• Source material

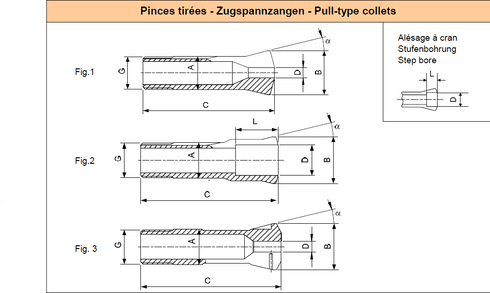 Spannzangen W25 d8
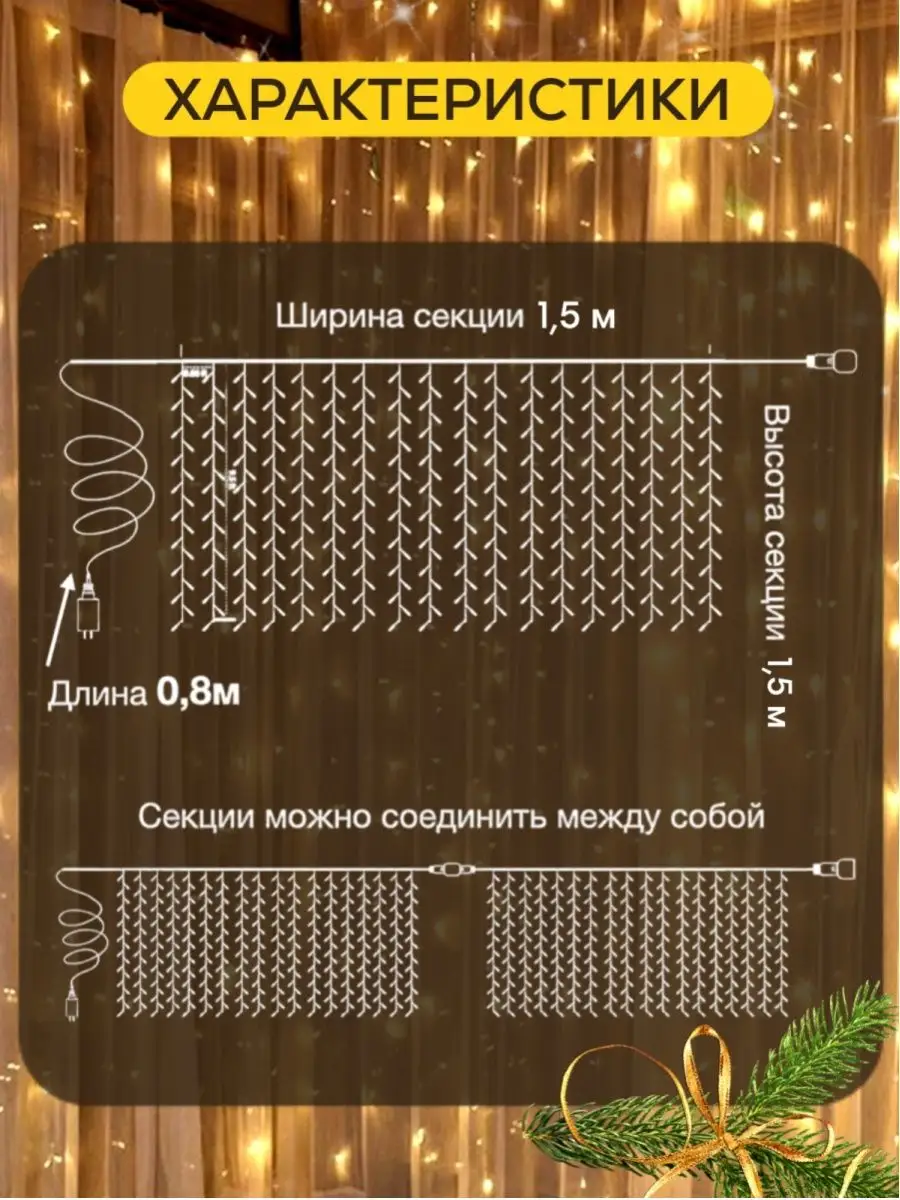 Упаковка и инструкция
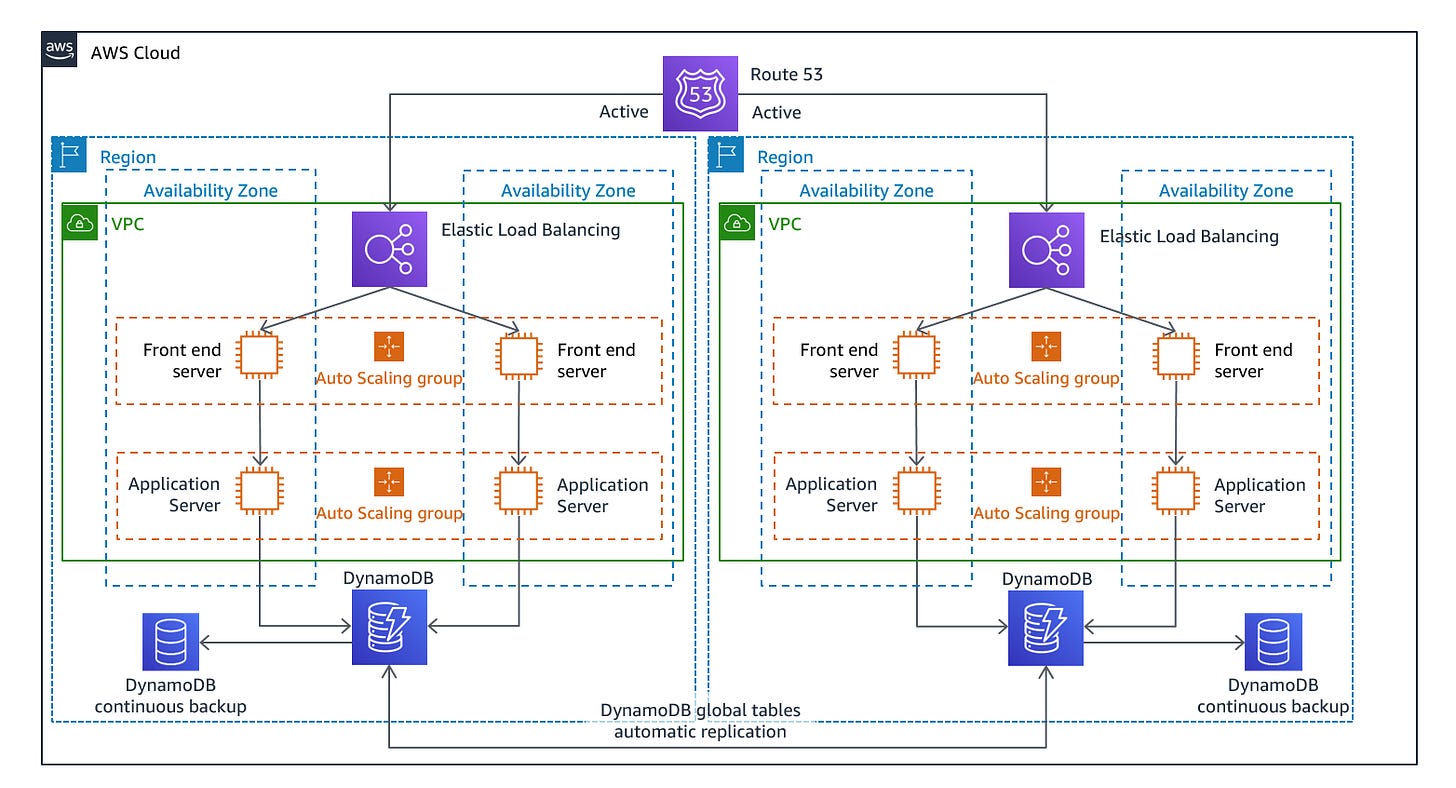 Multi-site active/active architecture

• Your instructions
Reproduce the listing in full and exactly, excluding any pictures it holds.

• Output of the task
 Spannzangen W25 d8
 Упаковка и инструкция
 Multi-site active/active architecture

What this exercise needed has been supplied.